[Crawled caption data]
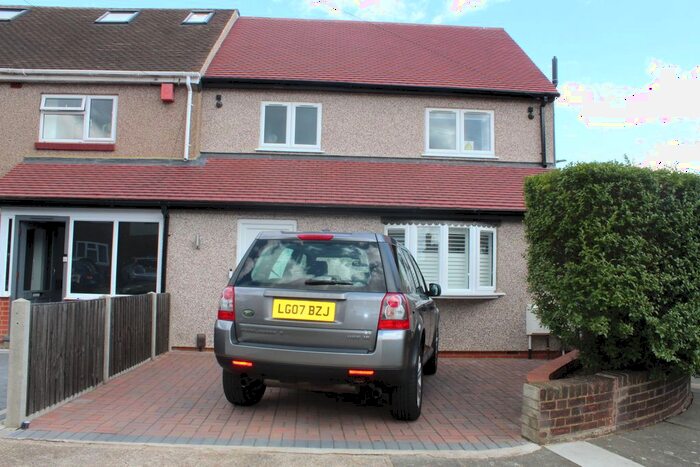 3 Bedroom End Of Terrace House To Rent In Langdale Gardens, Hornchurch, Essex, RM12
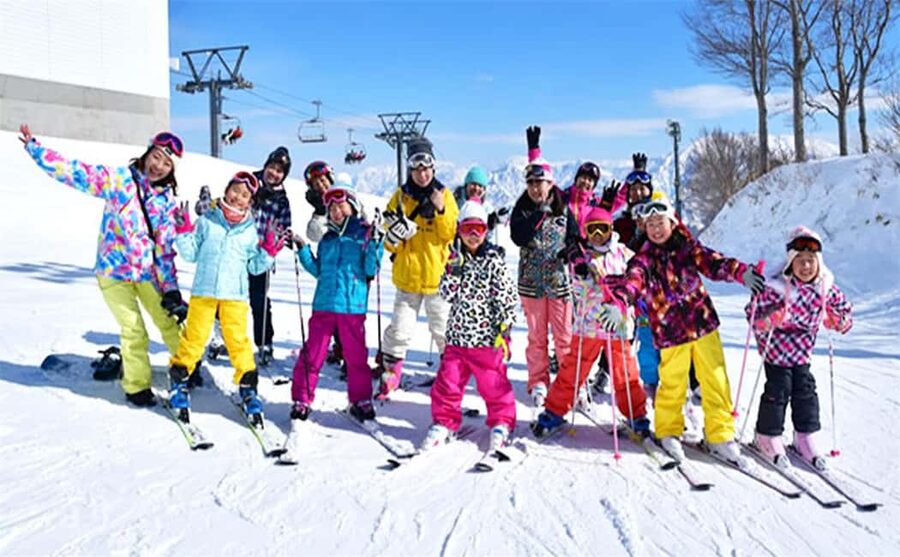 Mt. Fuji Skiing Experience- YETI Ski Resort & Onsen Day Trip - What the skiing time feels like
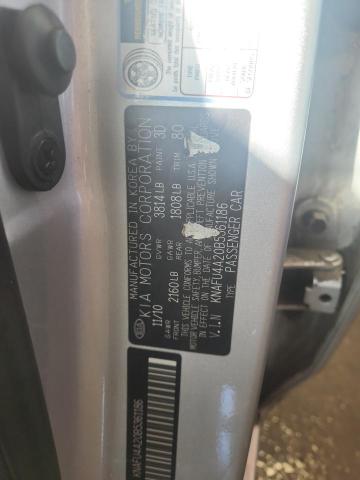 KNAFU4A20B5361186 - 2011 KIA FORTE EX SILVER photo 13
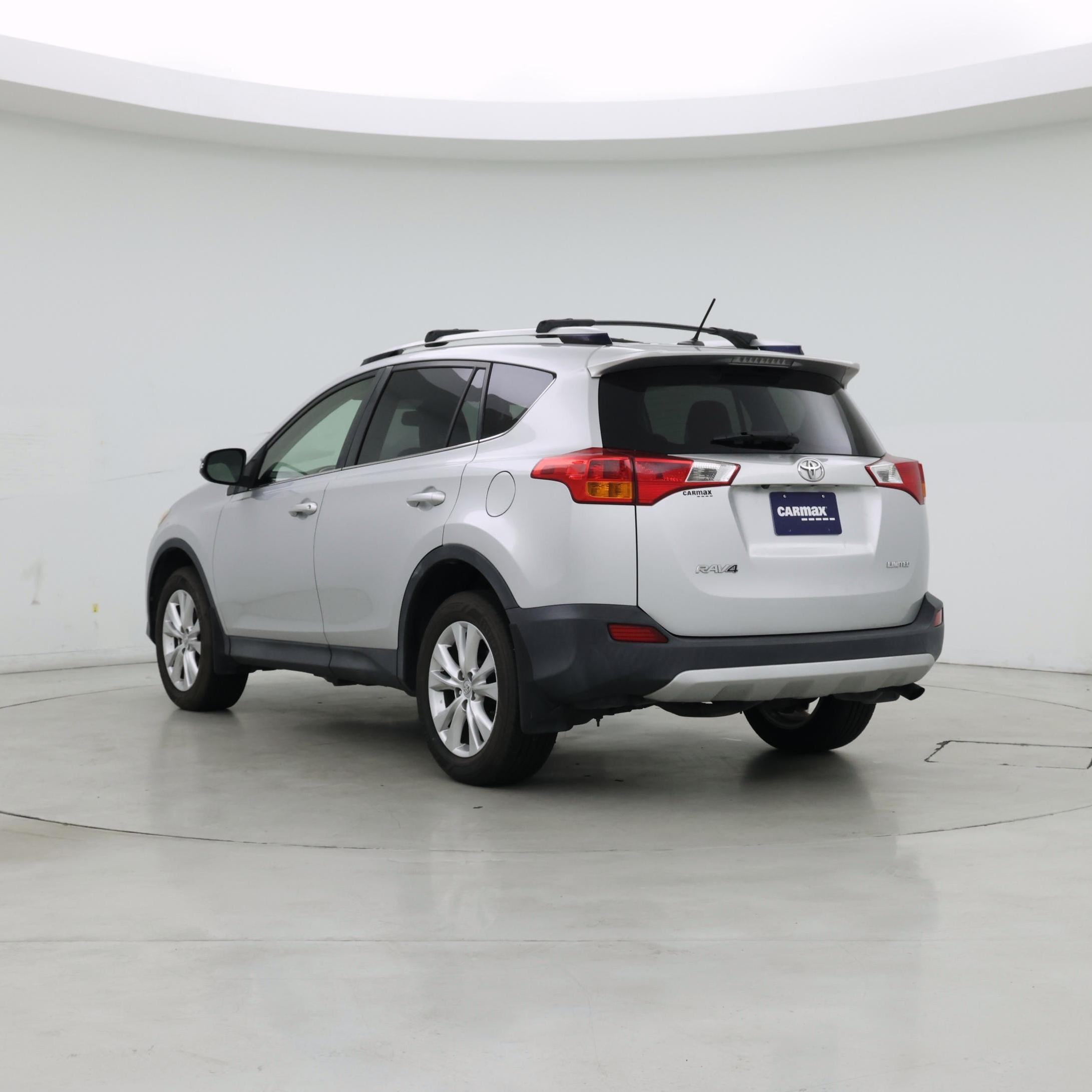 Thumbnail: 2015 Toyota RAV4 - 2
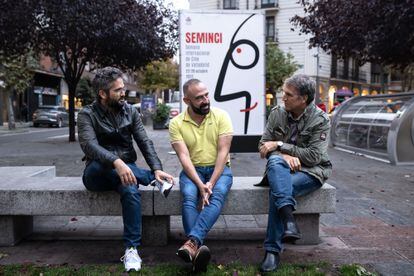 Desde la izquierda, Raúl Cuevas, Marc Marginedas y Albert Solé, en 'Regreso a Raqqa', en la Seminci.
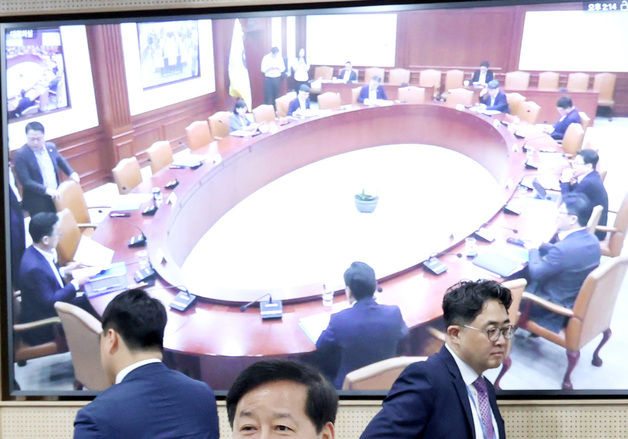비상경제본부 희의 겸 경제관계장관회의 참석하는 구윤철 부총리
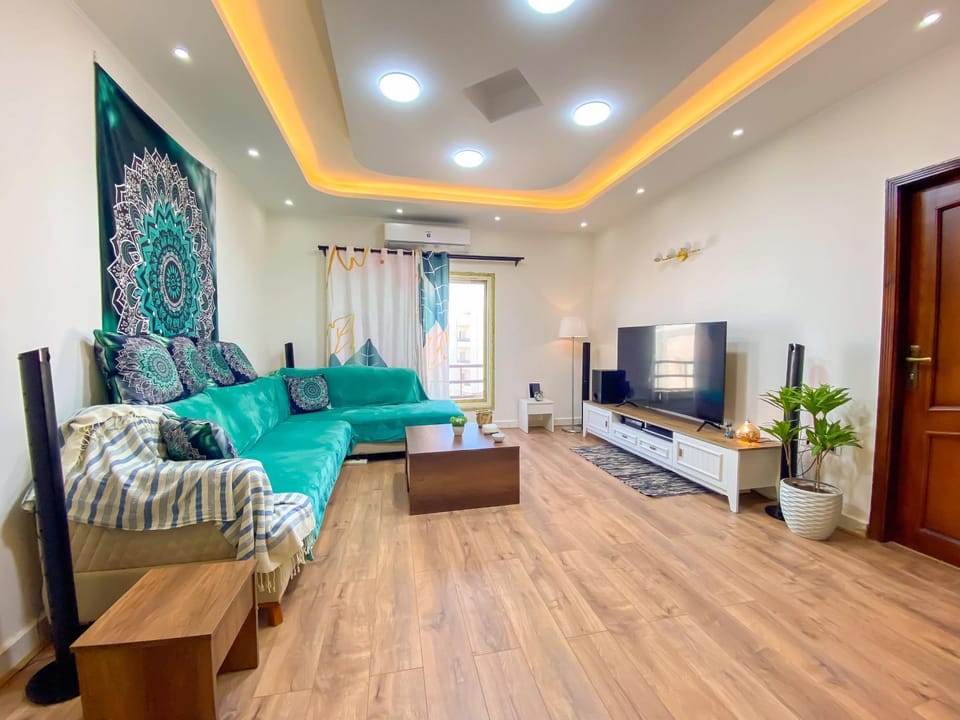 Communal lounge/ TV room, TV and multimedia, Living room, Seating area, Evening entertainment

#### TASK DETAILS:
Please set down the records above word for word and omit their pictures.

#### RESPONSE AREA:
 3 Bedroom End Of Terrace House To Rent In Langdale Gardens, Hornchurch, Essex, RM12
 Mt. Fuji Skiing Experience- YETI Ski Resort & Onsen Day Trip - What the skiing time feels like
 KNAFU4A20B5361186 - 2011 KIA FORTE EX SILVER photo 13
 Thumbnail: 2015 Toyota RAV4 - 2
 Desde la izquierda, Raúl Cuevas, Marc Marginedas y Albert Solé, en 'Regreso a Raqqa', en la Seminci.
비상경제본부 희의 겸 경제관계장관회의 참석하는 구윤철 부총리
 Communal lounge/ TV room, TV and multimedia, Living room, Seating area, Evening entertainment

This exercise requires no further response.